**INSTRUCTIONS TO FOLLOW:** Would you transcribe the records below from the line with "Egger Home Designboden" to the line with "Set of four", ends included, exactly and with nothing more, leaving the pictures out?

**SOURCE INFORMATION:**
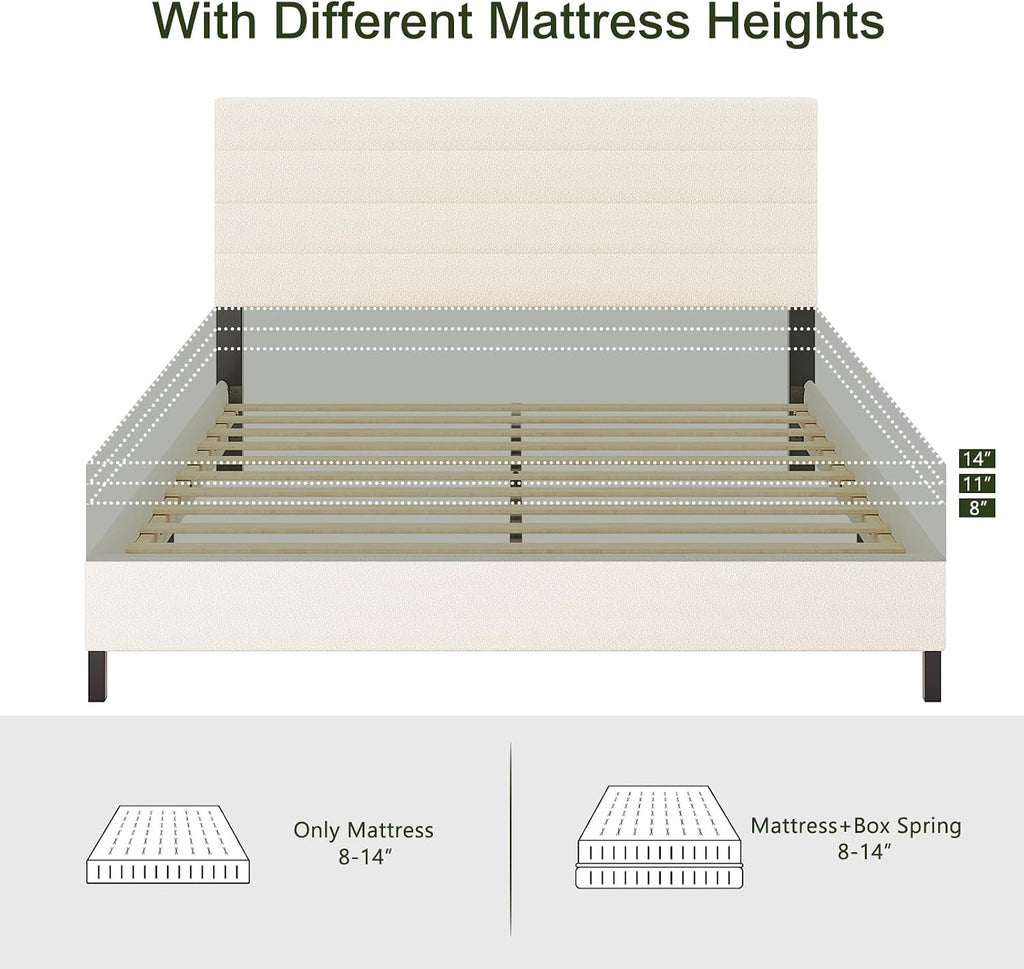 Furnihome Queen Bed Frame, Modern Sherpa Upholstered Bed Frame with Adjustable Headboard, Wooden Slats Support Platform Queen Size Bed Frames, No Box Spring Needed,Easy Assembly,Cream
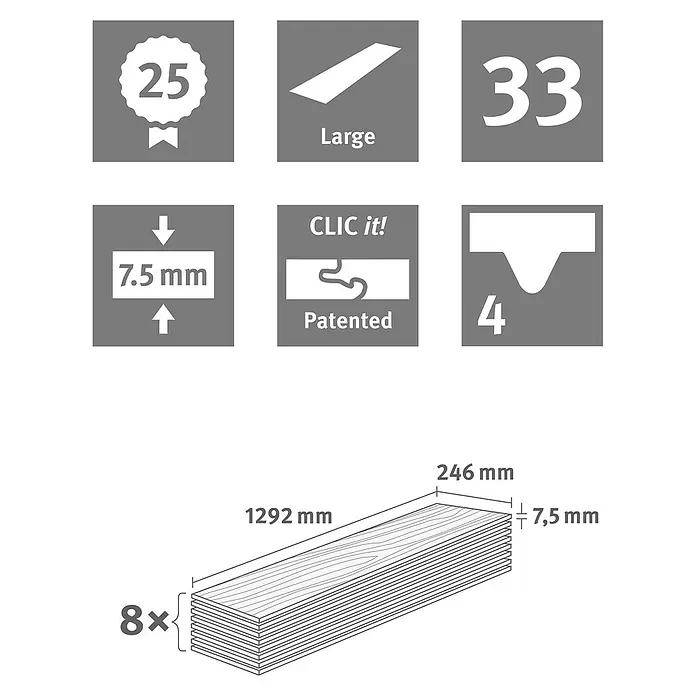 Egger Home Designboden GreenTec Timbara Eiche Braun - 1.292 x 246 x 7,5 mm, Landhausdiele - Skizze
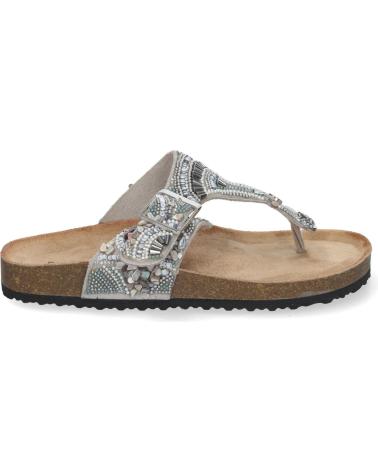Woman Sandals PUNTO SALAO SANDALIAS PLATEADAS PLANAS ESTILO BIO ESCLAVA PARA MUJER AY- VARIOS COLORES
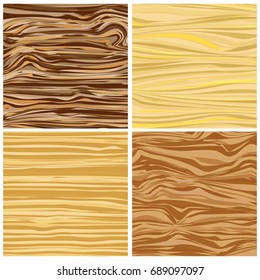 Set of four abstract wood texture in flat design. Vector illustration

* * *

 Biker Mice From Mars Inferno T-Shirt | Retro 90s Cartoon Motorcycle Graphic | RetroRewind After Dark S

...

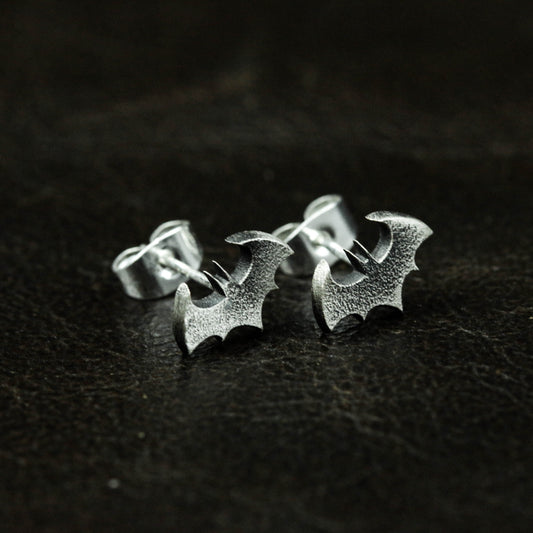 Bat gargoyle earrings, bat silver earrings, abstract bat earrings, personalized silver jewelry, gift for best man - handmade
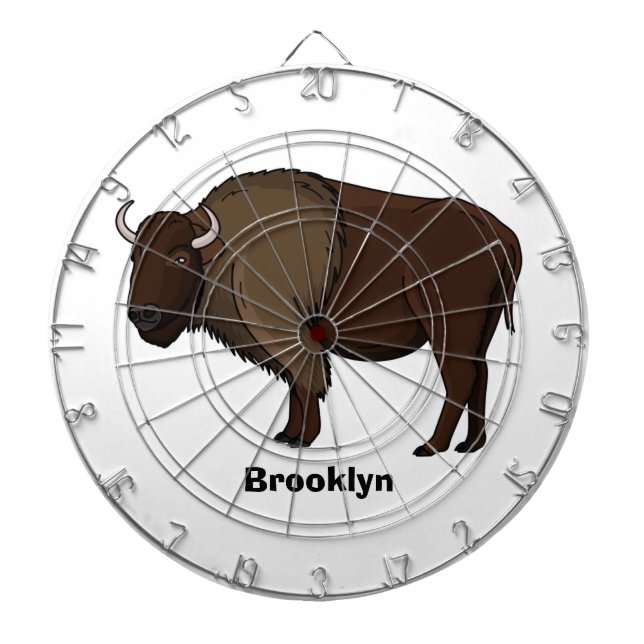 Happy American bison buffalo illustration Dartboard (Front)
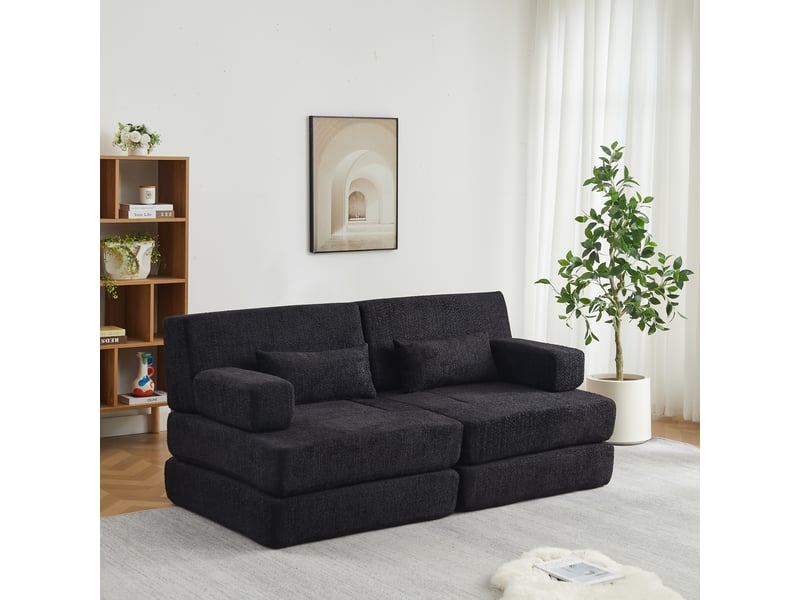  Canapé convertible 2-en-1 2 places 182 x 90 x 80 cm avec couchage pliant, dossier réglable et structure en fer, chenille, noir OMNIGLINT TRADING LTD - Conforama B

**RESPONSE TO THE EXERCISE:**
 Egger Home Designboden GreenTec Timbara Eiche Braun - 1.292 x 246 x 7,5 mm, Landhausdiele - Skizze
Woman Sandals PUNTO SALAO SANDALIAS PLATEADAS PLANAS ESTILO BIO ESCLAVA PARA MUJER AY- VARIOS COLORES
 Set of four abstract wood texture in flat design. Vector illustration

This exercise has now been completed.